A MOST heartfelt letter to Hear All Sides the other day from John Cumberland, of Rushyford, near Bishop Auckland.

Still haunted by shooting two hares 35 years ago, he expressed his regret for the “deplorable act.” “I wish I could turn the clock back,” he wrote. “I would have shot them, but with my camera, so I could wonder at their beauty.”

Yes, of course. Hares are beautiful – and uncommon. It is always upsetting to see one dead on the road, the long legs and ears usually distinguishing it from a rabbit. Hares should be protected. Would they breed like, er, rabbits and become serious pests? I don’t know, but shooting could then be allowed if they did.

Meanwhile Mr Cumberland reveals he has put aside his gun even for pests.

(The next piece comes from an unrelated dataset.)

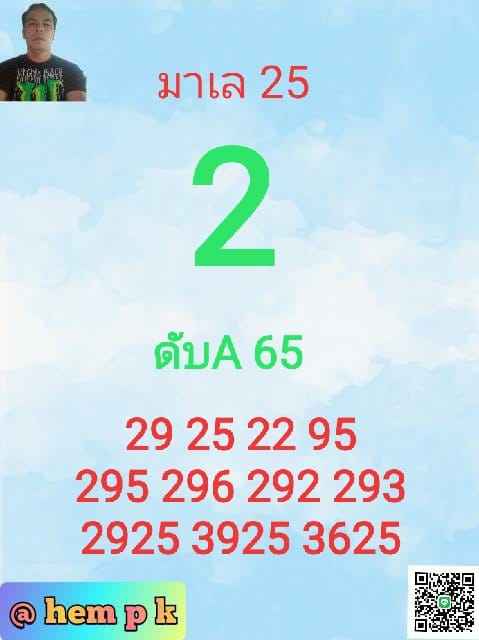 แนวทางหวยมาเลย์ 25/12/64 ชุดที่ 13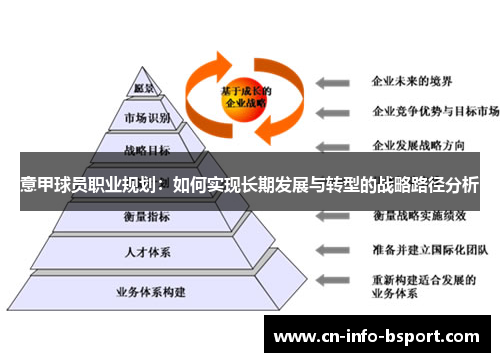 意甲球员职业规划：如何实现长期发展与转型的战略路径分析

If he took it up again, “my pigeons would be of the clay type”.

In rejecting destruction he follows in at least one pair of notable footsteps.

As a young man Richard Jefferies (1848- 87), the son of a Wiltshire farmer, was rarely seen without a gun. But then, in his own words, this happened: “There was a pheasant quietly questing about. I aimed at the head.

“I felt the trigger and the slightest pressure would have been fatal; but in the act I hesitated, dropped the barrel and watched the beautiful bird. That watching so often stayed the shot that it grew to be a habit, the mere simple pleasure of seeing birds and animals, when they were unconscious they were observed, being too great to be spoiled by the discharge.”

Jefferies became, in my estimation, Britain’s greatest nature writer. What elevates him above the rest is that he goes beyond observing and describing his subjects and their habits.

The word ‘holistic’ could have been coined to cover his relationship with nature. He wasn’t an onlooker, a human being recording, even marvelling at, lesser species. To Jefferies we were all one.

Take this: “Looking down upon the earth, as the sun does, how can words depict the glowing wonder, the marvellous beauty, of all the plant, the insect, the animal life that presses upon the eye? It is impossible.

Would that it were possible for the heart and mind to enter into all the life that glows and teems upon the earth…Let me joy with all living creatures…”

This comes from a magnificent essay, Nature and Eternity, once read on BBC Radio 3. Jefferies believed that eternity is Now (the capital letter is important). Resting against a tumulus he felt the life, or spirit, of the man inside, dead for two thousand years. “I could understand and feel his existence the same as my own. This was quite natural.”

To Jefferies, the endurance of soul and spirit was “higher than immortality.”

But let’s leave him firmly on earth: “There is a slight rustle among the ferns… It is a rabbit who has peeped forth into the sunshine.”

It ventures within Jeffreries’ reach. “It is so easy to make friends with the children of Nature. Only be tender, quiet, considerate towards them and they will freely wander around. And they have such marvellous tales to tell. This common rabbit has an ancestry of almost unreachable antiquity.” It’s not just hares we should care for after all.